No dia anterior, 19 de Junho, o Papa Francisco indicou as categorias de «hipócritas que Jesus tanto reprova»: «intelectuais sem talento, eticistas sem bondade, portadores de belezas de museu». Na homilia o Pontífice recordou que «o Senhor fala várias vezes no evangelho sobre a hipocrisia» e «contra os hipócritas», enumerando os episódios mais significativos. Trata-se, disse actualizando o discurso, «de cristãos intelectuais sem talento». Não sabem o que é a bondade. São eticistas: deve-se fazer isto e isto e isto... Enchem-se de preceitos mas «sem bondade». Enfeitam-se com «vestes, muitos objectos para fingir que são majestosos, perfeitos»; contudo, «não têm o sentido da beleza. Só conseguem uma beleza de museu».

Na manhã de terça-feira, 18 de Junho, o Papa convidou a amar os nossos inimigos, aqueles que nos perseguem e nos fazem sofrer, é difícil e nem sequer é um «bom negócio» porque nos empobrece. E no entanto é esta a estrada indicada e percorrida por Jesus para a nossa salvação.

O Papa advertiu também sobre as atitudes que justificam a vingança de acordo com o grau da ofensa recebida, do mal causado pelos outros: isto é, a vingança fundada no princípio «olho por olho, dente por dente». Com o perdão, com o amor pelo inimigo tornamo-nos mais pobres. Mas aquela pobreza é semente fecunda para os outros, como a pobreza de Jesus se tornou graça para todos nós, salvação. Pensemos nos nossos inimigos, em quem não nos ama. Seria bom se oferecêssemos a missa por eles, se oferecêssemos o sacrifício de Jesus por eles que não nos amam. E também por nós, para que o Senhor nos ensine esta sabedoria: tão difícil mas ao mesmo tempo tão bonita e que nos torna semelhantes também ao seu Filho, que na sua humilhação se fez pobre para nos enriquecer com a sua pobreza».

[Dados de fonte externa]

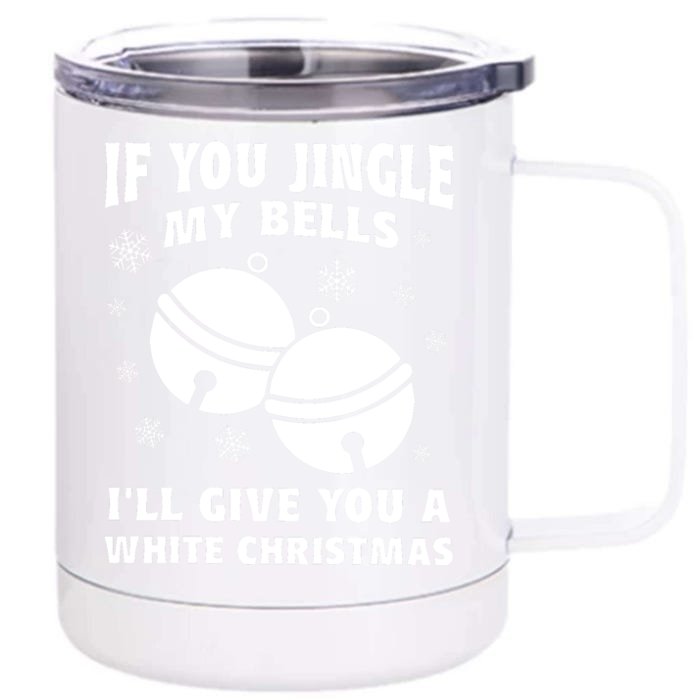 If You Jingle My Bells I Will Give You A White Christmas Front & Back 12oz Stainless Steel Tumbler Cup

Na missa celebrada na manhã de segunda-feira, 17 de Junho, o Papa falou do que distingue o cristão. O nada — disse — é semente de guerra, sempre; porque é semente de egoísmo. O tudo é Jesus». É na compreensão correcta deste binómio que se fundam a mansidão e a magnanimidade». Quando somos propensos a seguir o nada, «nascem os conflitos em família, com os amigos, na sociedade. Até os conflitos que terminam em guerra».